JSON, or JavaScript Object Notation, is a lightweight data interchange format that is easy for humans to read and write, and easy for machines to parse and generate. JSON is built on two structures: a collection of name/value pairs (often realised as an object or dictionary) and an ordered list of values (often realised as an array). Its simplicity and compatibility with most programming languages make it an ideal choice for configuration files, data storage, and transmission of data between a server and a client.
Caddy is a HTTP-1-2-3 server is a secure and powerful web server that uses JSON extensively, providing structured and easily parseable data.
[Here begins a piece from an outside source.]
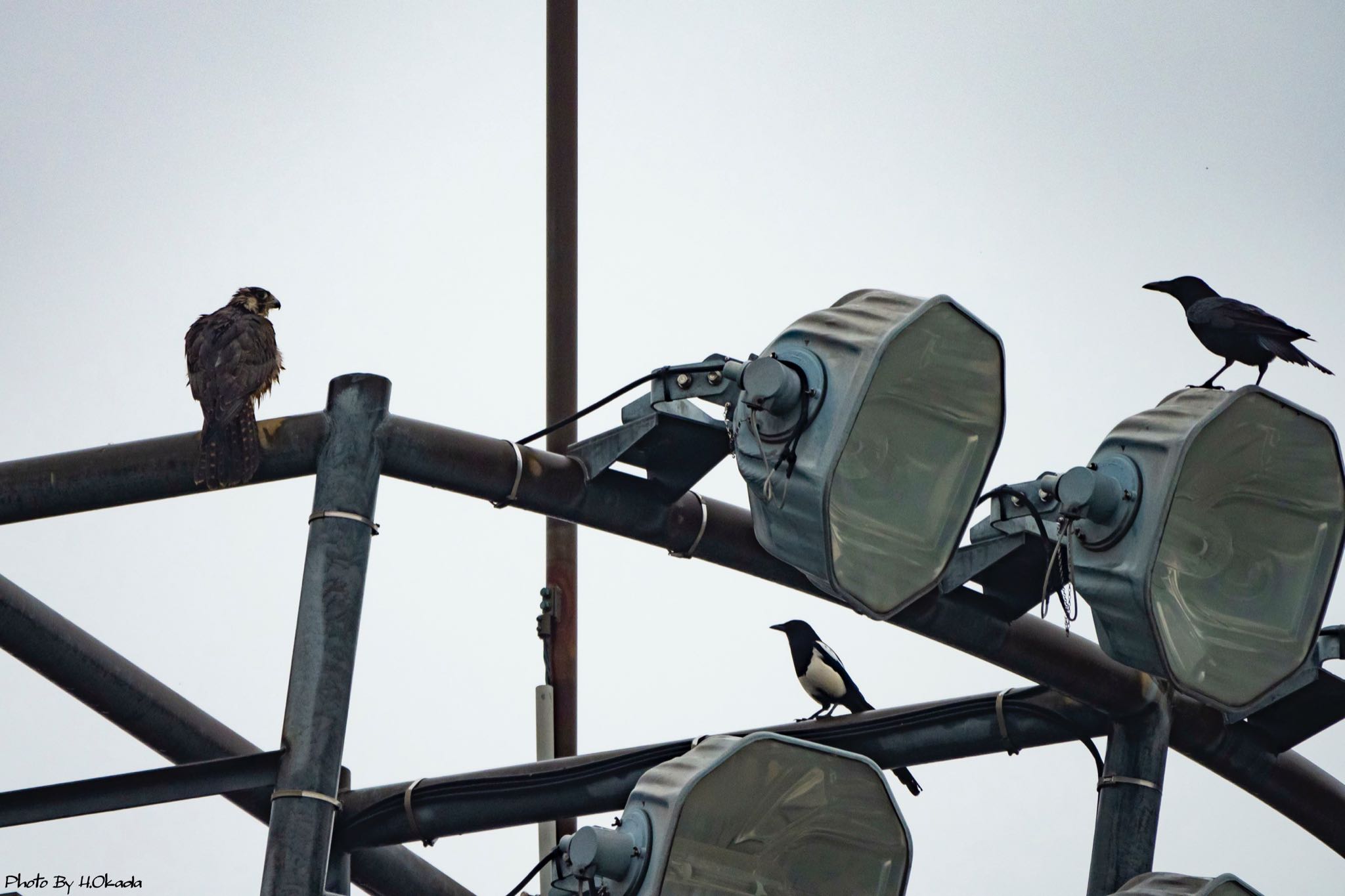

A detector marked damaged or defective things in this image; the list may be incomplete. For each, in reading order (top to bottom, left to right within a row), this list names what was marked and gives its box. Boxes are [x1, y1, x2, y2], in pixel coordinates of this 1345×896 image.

rusty pole section [543, 0, 581, 843]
This makes it straightforward to analyse server logs programmatically, allowing for detailed monitoring and troubleshooting. By using JSON, Caddy ensures that log entries are consistent and comprehensive, enabling administrators to leverage tools like jq for querying logs, or integrate with other monitoring solutions that support JSON.
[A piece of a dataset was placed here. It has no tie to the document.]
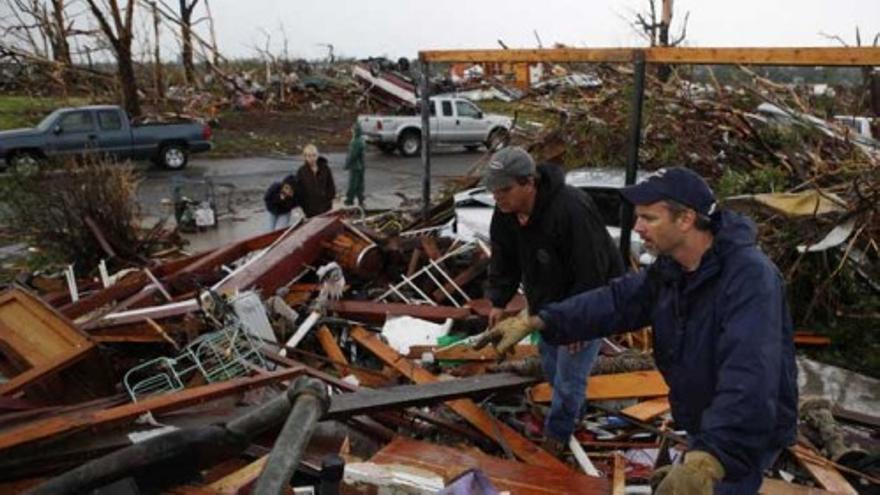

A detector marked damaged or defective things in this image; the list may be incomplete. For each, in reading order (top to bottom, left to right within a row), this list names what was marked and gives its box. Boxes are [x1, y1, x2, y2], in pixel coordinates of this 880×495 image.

broken lumber [348, 328, 568, 470]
While JSON is excellent for machine parsing, it can be cumbersome when you need to quickly parse trough log files using shell tools like grep
, less
or tail
. The huge volume of data makes it hard to get a quick overview. I wrote logparse specifically to make it easier for me to read Caddy's JSON log files, though it should be easy to adapt the configuration for other JSON files.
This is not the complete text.